Mafalda, mon héroïne
Pour les soixante ans de la création de Mafalda, personnage culte qui dépasse largement la frontière argentine qui l’a vu naître, Glénat voit les choses en grand : réédition de l’intégrale de la série avec (enfin) un appareil critique sérieux, signé Claire Latxague, et publication d’un album hommage où une grosse douzaine d’autrices ont relevé avec motivation l’idée de faire vivre la révolutionnaire au grand nœud.
Les livres hommages sont toujours inégaux, les plus réussis étant ceux réussissant un équilibre entre reprise et part d’intime. Après la simple et efficace couverture de Pénélope Bagieu, on est cependant un peu déçu par les premiers récits, montrant un dialogue entre Mafalda et ses autrices (Florence Dupré la Tour, qui fait le lien avec sa naissance en Argentine, puis Maëlle Reat, qui s’imagine en dialogue), et faisant craindre un ouvrage de commande sympathique, mais laborieux.

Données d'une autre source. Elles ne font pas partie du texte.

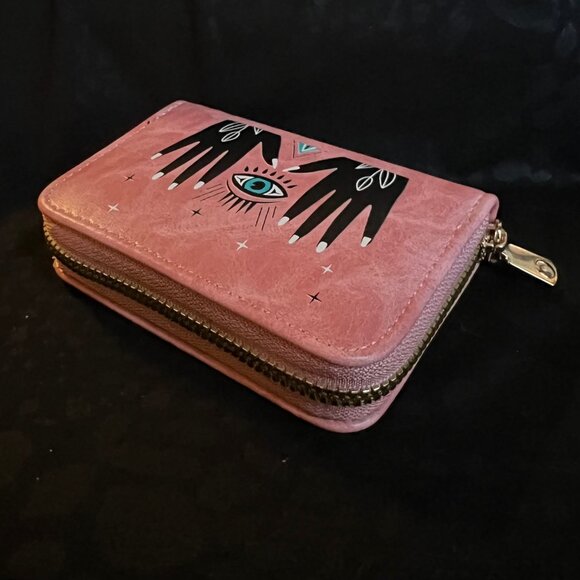 Evil Eye and Hands of Protection Pink Wallet - Picture 7 of 9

Les suivants sont inégaux, mais plus proches de ce que promet la quatrième de couverture : non pas une simple galerie d’hommages, mais une « reconvocation » du personnage dans un monde contemporain. Gally et Marie Bardiaux-Vaïente parlent ainsi de l’immigration à travers l’arrivée d’un enfant étranger dans le groupe, en jouant avec habilité avec le côté docte et enflammé de Mafalda. Avec son dessin tournicotant, Émilie Gleason la confronte à la pollution et à l’urbanisation, alors qu’il y a des décennies déjà Mafalda s’inquiétait pour la planète. Maud Begon et Véro Cazot mêlent un récit plein d’angoisses aux enfants-adultes effrayants, ultra connectés, auquel peut répondre la version d’Aude Picault. Cette fois, les enfants sont formellement adultes, ce qui fonctionne un peu mieux, et la conclusion de sa proposition, qui revient sur son rapport à l’autrice au personnage, est plus convaincante dans sa construction que les récits d’ouvertures.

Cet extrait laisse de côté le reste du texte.